If a system of providing proof of TDS is initiated, that may help in future but it may not be possible to furnish evidence of all income earned in the past, even legal income. We don't have a capital gains tax, so there's no way of proving income earned from sale of land, building or stocks. Our economy allows for many ways to hide wealth. Such provisions might simply fuel the black or parallel economy. Wealth declaration hasn't worked even in countries with more organised economies and tax systems. In our case, with the lack of confidentiality, it might just become another tool to harass political enemies.

The first version of the Bills contained a section imposing a statutory time limit of two years after retirement for a rastra sewak to be investigated and prosecuted. The Lower House removed this, exposing retired public officials to possible investigations for the rest of their lives. The experience of persons investigated by the CIAA show that such interrogations are punishing even if those accused are eventually found innocent.
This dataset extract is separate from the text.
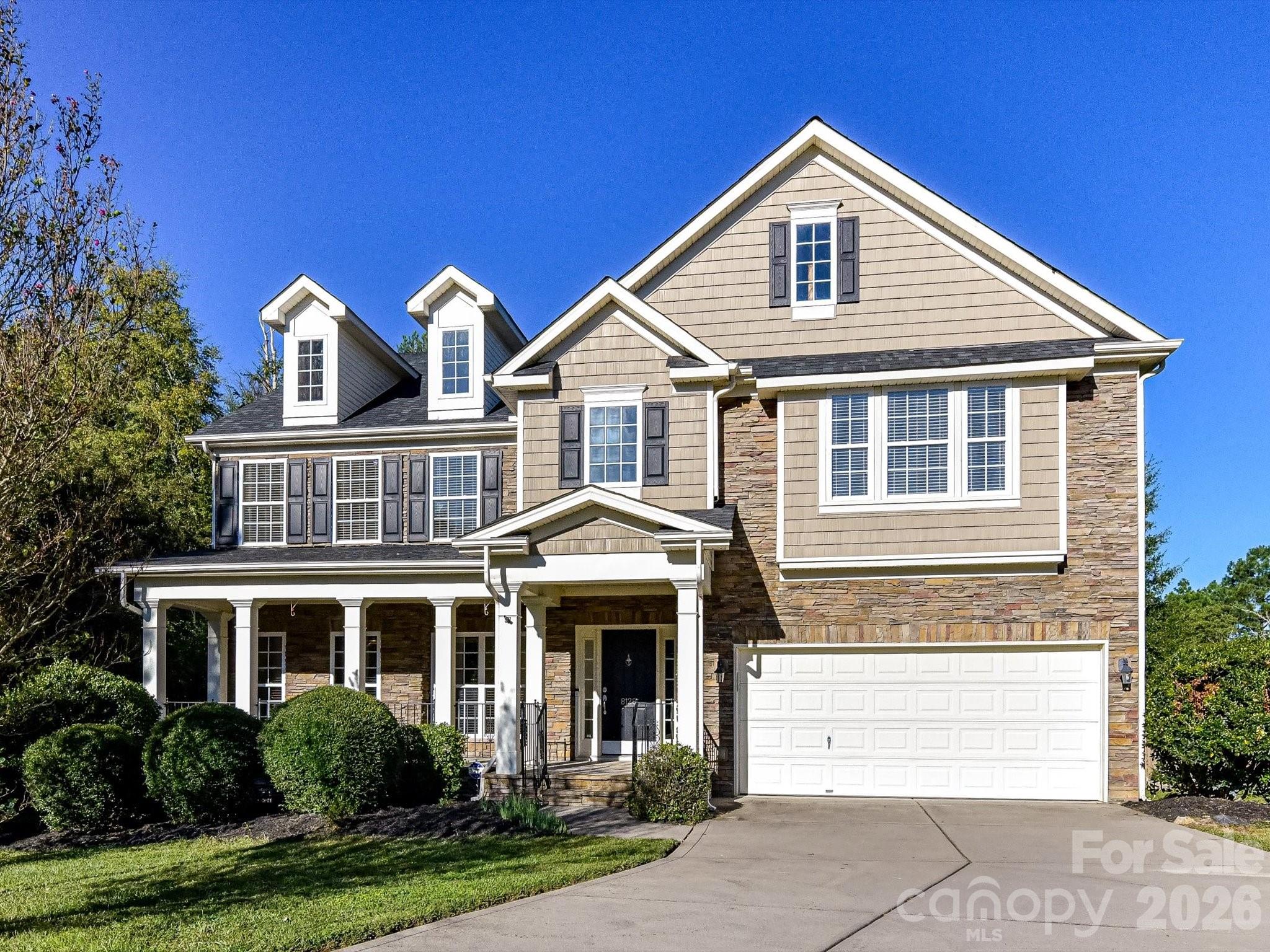 Two-story tan house with stone accents, a covered porch, and an attached double garage.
I suggested changing the statutory limit to six years, with a proviso to waive this if the charge was one that could result in imprisonment of more than five years. It was rejected.

Finally, I proposed an amendment to shield from prosecution all acts undertaken with good intentions. I was accused of trying to protect the corrupt. According to the Bills, in almost all cases malafide intention has to be proven to establish corruption. Of course it is important to deal strongly with those who engage in corruption, but it is equally vital to protect those who are not guilty.

Corruption results in bad governance, but good governance can only come about if rastra sewaks are encouraged and empowered to make the right decisions. Moreover, only a court can decide good or bad intentions behind an act. Also as it would be the responsibility of the prosecution to establish malafide intention, it would also be the responsibility of the defendant to establish bonafide intention. It cannot therefore be deemed as a loophole. This type of provision already exists in many of the other laws. Rejected.
Amendments are needed to remove the flaws in the anti-corruption acts. Prof Samuel P Huntington, in his book Political Order in Changing Societies says: "In a society where corruption is widespread the passage of strict laws against corruption serves only to multiply the opportunities for corruption."

(Dr Roop Jyoti is vice-chairman of the Jyoti Group and member of the Upper House.)